> [WORK ORDER] Below are records; the lines starting at the one with "Sunnydaze Decor Sunnydaze" and ending at the one with "Dennis Lingo Women's" must be reproduced exactly, both included. Pictures must not appear.

> [DATA]
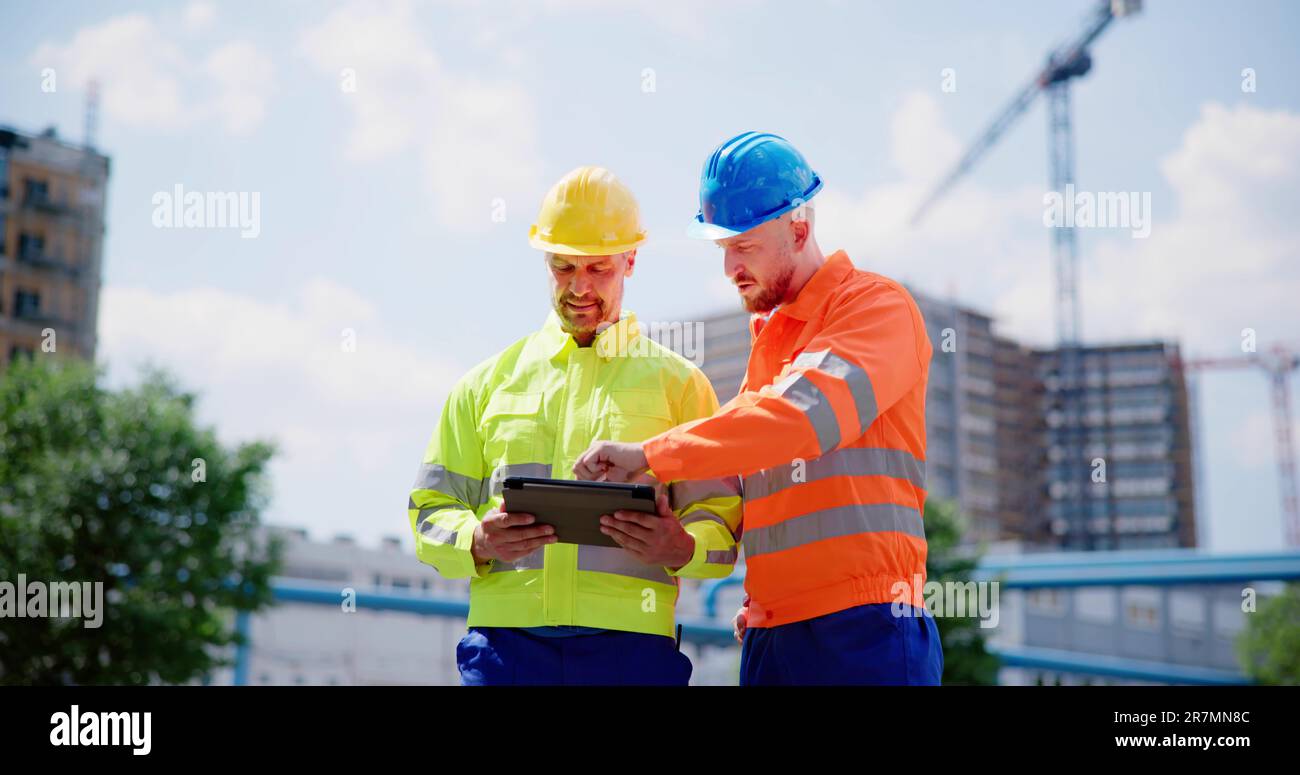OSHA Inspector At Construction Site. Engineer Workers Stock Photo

---

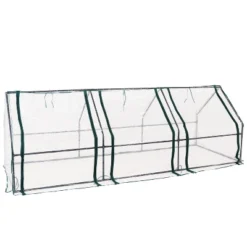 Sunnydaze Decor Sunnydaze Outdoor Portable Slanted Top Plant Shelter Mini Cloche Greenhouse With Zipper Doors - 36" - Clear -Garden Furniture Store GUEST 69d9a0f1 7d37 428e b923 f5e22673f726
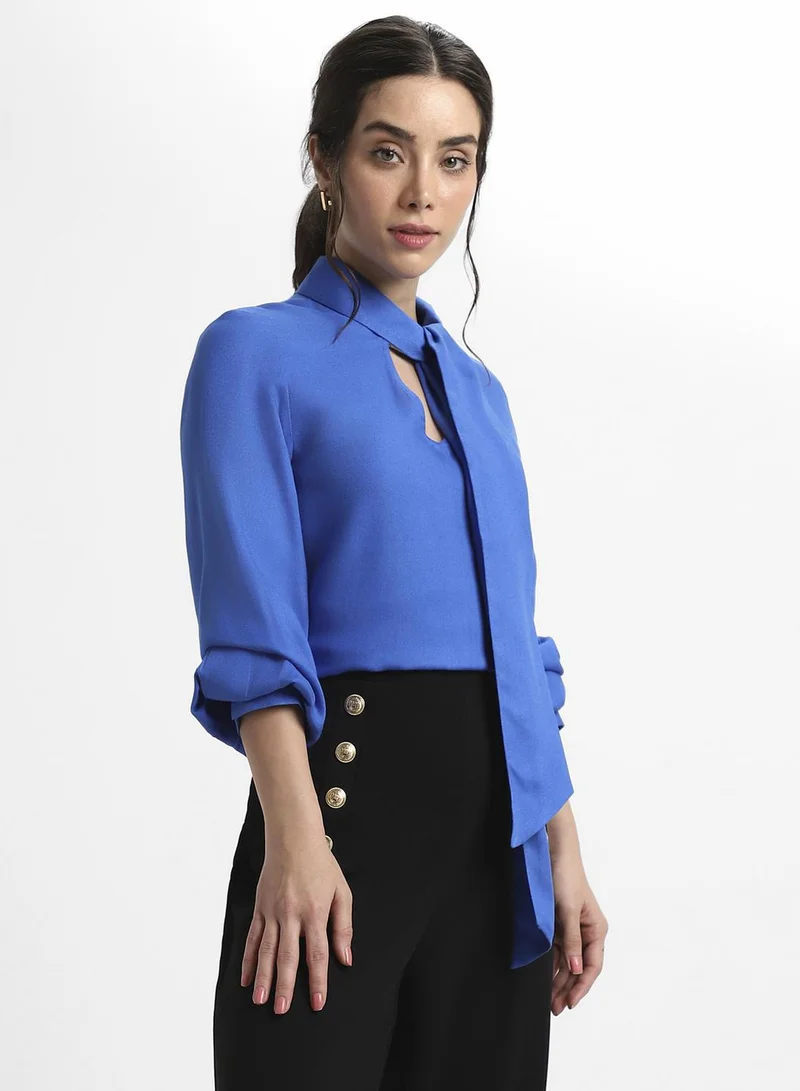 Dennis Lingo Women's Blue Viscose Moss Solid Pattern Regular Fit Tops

---

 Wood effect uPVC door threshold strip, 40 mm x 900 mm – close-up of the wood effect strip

> [EXERCISE RESULT]
 Sunnydaze Decor Sunnydaze Outdoor Portable Slanted Top Plant Shelter Mini Cloche Greenhouse With Zipper Doors - 36" - Clear -Garden Furniture Store GUEST 69d9a0f1 7d37 428e b923 f5e22673f726
 Dennis Lingo Women's Blue Viscose Moss Solid Pattern Regular Fit Tops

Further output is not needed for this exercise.